Inspiration: Ins, Outs, Tops, and Bottoms

Hello all you beautiful fans,

 

It has been entirely too long since we've posted on this blog, so here we are! It's only June and we are already three shows in, and readying ourselves for our upcoming gig at one of our favorite venues, The Buffalo Gap on Saturday, July 8th. We have had such positive responses, and great attendance at this venue, and they keep asking us back, so we're coming back for more! 

 

In other news, your fearless leader Miranda Pants wanted to share some insight into her songwriting process, and the subsequent creative input from the rest of the bandmates, inevitably forming an arranged song. 

What is the first step to writing a new song?
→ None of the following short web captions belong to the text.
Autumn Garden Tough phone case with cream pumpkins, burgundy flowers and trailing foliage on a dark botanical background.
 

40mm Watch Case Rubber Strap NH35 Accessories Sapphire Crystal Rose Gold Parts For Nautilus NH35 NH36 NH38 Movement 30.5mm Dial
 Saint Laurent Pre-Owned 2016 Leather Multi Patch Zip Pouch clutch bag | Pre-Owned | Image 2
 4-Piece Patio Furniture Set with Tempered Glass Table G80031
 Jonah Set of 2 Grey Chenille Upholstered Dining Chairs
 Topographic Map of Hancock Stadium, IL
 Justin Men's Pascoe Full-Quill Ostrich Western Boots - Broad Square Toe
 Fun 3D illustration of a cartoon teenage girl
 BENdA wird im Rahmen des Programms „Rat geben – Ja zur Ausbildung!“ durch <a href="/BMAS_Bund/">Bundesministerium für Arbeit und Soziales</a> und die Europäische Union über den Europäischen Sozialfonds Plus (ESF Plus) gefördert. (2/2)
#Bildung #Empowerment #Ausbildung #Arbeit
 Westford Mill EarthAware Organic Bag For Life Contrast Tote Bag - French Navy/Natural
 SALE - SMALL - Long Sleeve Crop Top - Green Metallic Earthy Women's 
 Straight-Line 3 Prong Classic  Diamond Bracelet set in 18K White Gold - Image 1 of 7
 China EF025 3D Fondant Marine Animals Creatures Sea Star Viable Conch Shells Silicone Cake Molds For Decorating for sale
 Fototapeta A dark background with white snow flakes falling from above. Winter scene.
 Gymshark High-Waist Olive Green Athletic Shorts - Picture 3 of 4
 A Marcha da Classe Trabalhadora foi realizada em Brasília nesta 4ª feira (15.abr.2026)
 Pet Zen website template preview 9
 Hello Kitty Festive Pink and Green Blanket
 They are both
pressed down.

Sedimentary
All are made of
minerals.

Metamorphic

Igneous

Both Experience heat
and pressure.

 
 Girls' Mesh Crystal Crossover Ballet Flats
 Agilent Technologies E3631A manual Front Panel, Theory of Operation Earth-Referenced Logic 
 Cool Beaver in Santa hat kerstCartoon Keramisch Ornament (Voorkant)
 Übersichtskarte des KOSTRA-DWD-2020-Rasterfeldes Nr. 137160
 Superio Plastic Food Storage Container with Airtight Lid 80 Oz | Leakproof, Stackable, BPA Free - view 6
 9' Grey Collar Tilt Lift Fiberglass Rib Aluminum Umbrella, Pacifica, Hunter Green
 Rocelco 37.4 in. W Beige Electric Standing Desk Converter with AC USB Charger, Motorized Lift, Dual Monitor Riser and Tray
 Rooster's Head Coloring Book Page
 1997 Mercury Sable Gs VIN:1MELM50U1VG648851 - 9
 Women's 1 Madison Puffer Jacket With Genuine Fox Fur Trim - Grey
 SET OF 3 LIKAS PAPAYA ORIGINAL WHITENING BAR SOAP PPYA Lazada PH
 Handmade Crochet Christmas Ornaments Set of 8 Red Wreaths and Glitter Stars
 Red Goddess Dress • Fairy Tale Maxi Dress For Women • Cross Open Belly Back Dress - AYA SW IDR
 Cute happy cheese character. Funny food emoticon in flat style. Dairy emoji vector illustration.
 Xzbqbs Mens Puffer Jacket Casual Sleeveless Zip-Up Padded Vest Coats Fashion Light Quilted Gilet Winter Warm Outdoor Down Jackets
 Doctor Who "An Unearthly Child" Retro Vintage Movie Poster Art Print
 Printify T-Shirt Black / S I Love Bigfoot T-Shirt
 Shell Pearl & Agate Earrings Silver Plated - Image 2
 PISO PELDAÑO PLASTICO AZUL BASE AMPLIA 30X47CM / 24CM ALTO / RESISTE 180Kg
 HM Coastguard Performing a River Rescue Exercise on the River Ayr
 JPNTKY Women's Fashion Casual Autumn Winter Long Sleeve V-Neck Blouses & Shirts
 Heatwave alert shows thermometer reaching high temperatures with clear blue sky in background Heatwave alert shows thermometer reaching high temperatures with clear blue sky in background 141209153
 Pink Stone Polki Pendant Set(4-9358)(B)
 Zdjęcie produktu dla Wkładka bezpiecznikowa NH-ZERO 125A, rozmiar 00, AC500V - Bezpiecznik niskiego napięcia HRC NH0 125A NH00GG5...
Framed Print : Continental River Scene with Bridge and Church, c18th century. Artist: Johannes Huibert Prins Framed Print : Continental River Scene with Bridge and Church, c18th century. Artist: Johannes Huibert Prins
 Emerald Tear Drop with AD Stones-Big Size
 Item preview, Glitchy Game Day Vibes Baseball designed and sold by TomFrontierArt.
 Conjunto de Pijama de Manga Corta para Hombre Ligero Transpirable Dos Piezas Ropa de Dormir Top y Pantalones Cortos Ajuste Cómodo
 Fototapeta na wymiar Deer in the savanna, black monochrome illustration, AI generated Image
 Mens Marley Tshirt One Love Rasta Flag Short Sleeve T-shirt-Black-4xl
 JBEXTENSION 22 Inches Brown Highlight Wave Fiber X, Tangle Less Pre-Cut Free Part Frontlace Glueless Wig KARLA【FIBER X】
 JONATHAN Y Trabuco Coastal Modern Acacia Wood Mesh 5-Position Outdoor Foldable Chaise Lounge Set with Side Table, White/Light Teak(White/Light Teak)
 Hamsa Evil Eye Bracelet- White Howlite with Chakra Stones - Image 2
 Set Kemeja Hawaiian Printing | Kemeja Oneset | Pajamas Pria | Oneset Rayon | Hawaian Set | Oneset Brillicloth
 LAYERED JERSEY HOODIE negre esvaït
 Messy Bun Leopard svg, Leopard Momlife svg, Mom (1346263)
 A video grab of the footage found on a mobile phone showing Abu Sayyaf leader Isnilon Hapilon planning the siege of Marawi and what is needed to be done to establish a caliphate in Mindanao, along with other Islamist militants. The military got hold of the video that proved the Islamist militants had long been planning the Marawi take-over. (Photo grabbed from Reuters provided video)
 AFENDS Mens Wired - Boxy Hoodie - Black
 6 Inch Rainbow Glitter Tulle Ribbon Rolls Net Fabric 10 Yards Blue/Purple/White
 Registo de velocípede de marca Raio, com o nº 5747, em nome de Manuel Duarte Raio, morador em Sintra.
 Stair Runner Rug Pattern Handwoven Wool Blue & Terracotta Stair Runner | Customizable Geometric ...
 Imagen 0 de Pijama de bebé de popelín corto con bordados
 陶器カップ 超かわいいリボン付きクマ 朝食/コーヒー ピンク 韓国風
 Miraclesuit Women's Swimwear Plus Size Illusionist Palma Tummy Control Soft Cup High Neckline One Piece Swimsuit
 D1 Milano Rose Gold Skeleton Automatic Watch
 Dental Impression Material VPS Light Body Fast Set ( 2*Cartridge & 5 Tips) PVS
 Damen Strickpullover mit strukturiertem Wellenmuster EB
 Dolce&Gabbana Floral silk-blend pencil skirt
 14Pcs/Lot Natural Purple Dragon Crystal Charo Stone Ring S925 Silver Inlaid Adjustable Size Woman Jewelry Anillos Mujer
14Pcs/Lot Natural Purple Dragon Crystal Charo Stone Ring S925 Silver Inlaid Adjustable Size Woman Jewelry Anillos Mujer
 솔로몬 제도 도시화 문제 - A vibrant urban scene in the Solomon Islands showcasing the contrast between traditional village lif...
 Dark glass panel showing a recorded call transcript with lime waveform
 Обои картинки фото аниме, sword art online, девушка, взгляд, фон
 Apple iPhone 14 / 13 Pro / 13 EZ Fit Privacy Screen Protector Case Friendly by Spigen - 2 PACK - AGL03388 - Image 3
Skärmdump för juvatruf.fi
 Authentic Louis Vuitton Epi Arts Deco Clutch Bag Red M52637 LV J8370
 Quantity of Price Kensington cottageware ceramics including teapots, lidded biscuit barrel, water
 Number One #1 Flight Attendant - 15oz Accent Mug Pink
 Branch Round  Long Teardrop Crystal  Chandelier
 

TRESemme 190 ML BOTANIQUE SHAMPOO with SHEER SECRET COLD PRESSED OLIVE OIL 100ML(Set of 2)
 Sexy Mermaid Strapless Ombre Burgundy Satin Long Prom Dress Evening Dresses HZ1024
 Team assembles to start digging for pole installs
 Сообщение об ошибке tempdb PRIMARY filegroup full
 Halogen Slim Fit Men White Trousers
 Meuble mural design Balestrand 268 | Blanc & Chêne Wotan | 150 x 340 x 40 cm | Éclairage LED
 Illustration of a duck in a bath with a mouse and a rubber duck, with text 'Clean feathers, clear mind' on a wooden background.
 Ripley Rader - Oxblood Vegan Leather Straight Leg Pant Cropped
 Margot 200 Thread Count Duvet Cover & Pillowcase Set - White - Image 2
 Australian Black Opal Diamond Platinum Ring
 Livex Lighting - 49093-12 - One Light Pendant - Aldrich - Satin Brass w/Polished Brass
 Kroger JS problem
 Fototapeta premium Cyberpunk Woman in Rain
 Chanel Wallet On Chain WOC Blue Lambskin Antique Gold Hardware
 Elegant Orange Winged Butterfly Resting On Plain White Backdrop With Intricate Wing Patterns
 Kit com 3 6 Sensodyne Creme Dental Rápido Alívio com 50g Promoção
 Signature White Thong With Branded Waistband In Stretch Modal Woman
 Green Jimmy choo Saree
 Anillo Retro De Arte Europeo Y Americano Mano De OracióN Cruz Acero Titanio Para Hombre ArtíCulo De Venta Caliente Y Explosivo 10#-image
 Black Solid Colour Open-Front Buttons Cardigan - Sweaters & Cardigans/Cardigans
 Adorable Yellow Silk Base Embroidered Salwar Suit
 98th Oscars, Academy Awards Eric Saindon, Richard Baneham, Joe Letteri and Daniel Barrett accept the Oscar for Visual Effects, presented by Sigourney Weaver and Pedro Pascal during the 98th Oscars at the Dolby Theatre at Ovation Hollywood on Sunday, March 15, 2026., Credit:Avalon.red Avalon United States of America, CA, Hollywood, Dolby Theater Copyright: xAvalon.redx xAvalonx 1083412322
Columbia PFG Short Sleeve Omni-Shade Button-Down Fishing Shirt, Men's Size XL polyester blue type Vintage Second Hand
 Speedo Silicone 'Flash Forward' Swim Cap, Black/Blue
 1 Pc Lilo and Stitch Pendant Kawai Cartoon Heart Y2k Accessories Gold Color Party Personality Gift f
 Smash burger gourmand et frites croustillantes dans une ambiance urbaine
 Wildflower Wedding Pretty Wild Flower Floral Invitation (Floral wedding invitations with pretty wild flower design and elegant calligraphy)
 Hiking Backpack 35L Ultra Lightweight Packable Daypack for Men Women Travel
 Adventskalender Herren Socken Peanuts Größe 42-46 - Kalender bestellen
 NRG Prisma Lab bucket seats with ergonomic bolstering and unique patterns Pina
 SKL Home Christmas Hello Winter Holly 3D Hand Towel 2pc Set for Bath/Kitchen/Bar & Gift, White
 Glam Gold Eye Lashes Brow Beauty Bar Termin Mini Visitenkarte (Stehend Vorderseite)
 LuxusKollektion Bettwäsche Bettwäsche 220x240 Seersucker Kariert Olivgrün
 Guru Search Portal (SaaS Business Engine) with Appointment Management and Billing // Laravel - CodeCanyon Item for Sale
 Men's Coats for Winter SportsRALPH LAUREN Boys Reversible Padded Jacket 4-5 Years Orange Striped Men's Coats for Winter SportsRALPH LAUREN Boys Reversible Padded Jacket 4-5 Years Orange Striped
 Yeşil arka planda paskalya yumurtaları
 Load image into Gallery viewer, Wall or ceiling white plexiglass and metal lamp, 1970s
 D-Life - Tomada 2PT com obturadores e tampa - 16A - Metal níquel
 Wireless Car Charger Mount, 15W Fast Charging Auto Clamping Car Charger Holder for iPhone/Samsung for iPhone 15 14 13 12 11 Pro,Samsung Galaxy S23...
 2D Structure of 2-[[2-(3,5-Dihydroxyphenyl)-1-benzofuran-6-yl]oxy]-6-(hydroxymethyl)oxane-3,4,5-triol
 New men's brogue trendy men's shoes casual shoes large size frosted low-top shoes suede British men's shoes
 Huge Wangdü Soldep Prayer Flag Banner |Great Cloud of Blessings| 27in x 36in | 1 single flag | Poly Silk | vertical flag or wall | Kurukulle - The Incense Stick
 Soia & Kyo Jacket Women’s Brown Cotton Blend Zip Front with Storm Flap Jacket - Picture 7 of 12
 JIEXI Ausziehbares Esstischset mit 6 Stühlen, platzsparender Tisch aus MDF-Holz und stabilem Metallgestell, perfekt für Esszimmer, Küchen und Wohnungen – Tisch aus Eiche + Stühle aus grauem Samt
"Honestly, it's about committing to sitting down and starting. Sometimes, if I'm in the midst of some emotional turmoil in my life, the song comes quickly and smoothly. The music will flow, and the chords will follow. But if I'm not "in the mood", it can be kind of tough to find inspiration when it's forced. So for me, it's about having a notepad and a good pen, my guitar (or piano), and no interruptions."

Do you start writing a song with the music or the lyrics?

"I usually start with the music. It's easier for me to express an emotion musically by coming up with chords that are indicative of the emotion, and following it up with words. Occasionally I'll come up with some words that I'll jot down during the day, and try to put them to music later on, but that process is (to me) much more difficult." 

Do you have a key that you tend to play in more than others?

"I generally write in C, actually! It's so basic, but soooo many classic songs have been written in the key of C. It's just the easiest go-to for me. If I'm sad, and the song is destined to be melancholy, it's Bminor. Not sure why, but those are my first choices, usually. Thank god for capos or everything we have would be in the same key."

How does a song come together for the band?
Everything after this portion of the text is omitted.